English explorer, pirate and trader of enslaved people, Sir Frances Drake, is the first person to leave a record of visiting the islands. He and his men made their way on shore in 1579, where they collected seal meat and eggs. They left after just one day. Drake named them the “Islands of St. James” — a name that didn’t stick.

The name that did stick came about 25 years later, when Friar Antonio de la Asunción, sailing on a Spanish expedition, described the string of islands in his diary as “seven farallones close together.” Farallon is Spanish for steep rock or cliff. This time around, the name took.

An illustration of the Farallons featured in the 1874 book: “Western Wanderings: a record of Travel in the Evening Land, etc. Illustrated” by Boddam-Whetham, JW (Courtesy of the British Library/Flickr)

A Land Pillaged

The first people known to live on the islands arrived in 1819. They were Russian fur hunters and members of the Aleuit community, who were likely working as enslaved people. They lived on the Southeast Farallon, which is the only island large enough to support humans. They came to the islands to harvest fur seals – the warm pelts were in high demand in Russia.

Zackhar Chichinoff was one of the Russians living on the island. His story has been recounted in several books over the years:

“A schooner took us down to the islands but we had to cruise around for over a week before we could make a landing. We had a few planks with us and some canvas, and with that we built huts for shelter. The water was very bad also, being taken from hollow places in the rocks where it stood all the year round. We had no fire-arms, the sea lions were killed with clubs or spears. Scurvy broke out among us and in a short time all were sick except myself.

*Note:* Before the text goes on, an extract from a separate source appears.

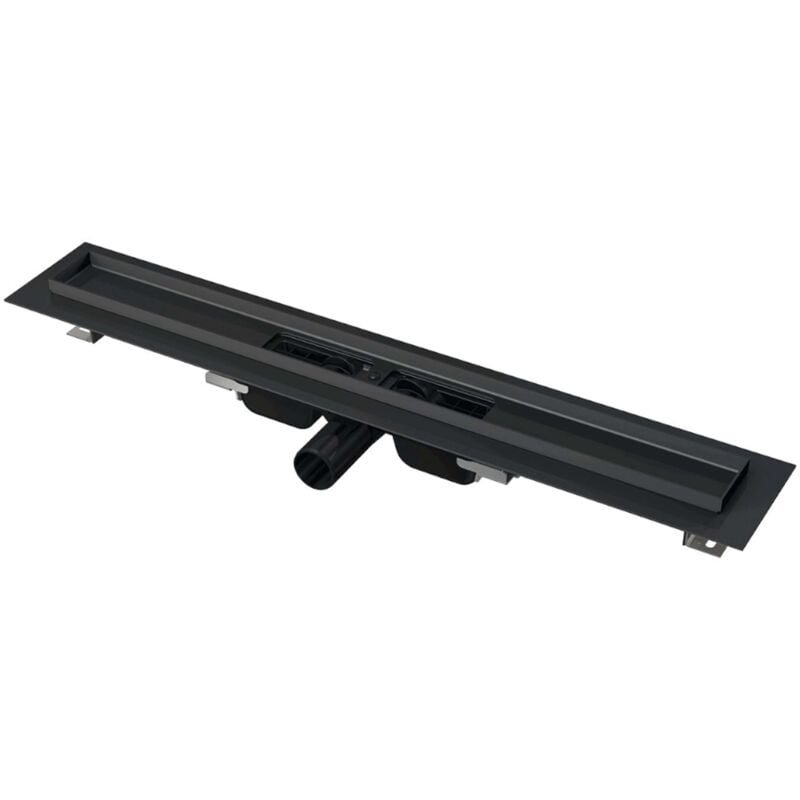 Alcadrain Système de drainage - Douchegoten - Caniveau de douche 65 cm, avec rebord pour grille perforée, noir mat APZ101BLACK-650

All the next winter we passed there in great misery and when the spring came the men were too weak to kill sea-lions, and all we could do was to crawl around the cliffs and gather some sea birds’ eggs and suck them raw.”

Despite the difficult living conditions and basic weaponry, an estimated 200,000 fur seals were killed on the Farallons over the course of a few years. Captain Benjamin Morrell, Jr., visited the island in 1825 and offered this update in his diary:

“Many years ago this place was the resort of numerous fur seals but the Russians have made such a havoc among them that there is scarcely a breed left. On this barren rock we found a Russian family and twenty-three Codiaks, or northwest Indians, with their bark canoes. They were employed in taking sea-leopards, sea-horses, and sea-elephants for their skins, oil and flesh… at the time of our visit they had about fifty tons of this beef cured and were expecting the arrival of a Russian vessel to take off the beef and leave them a supply of fresh water, there being none on the island.”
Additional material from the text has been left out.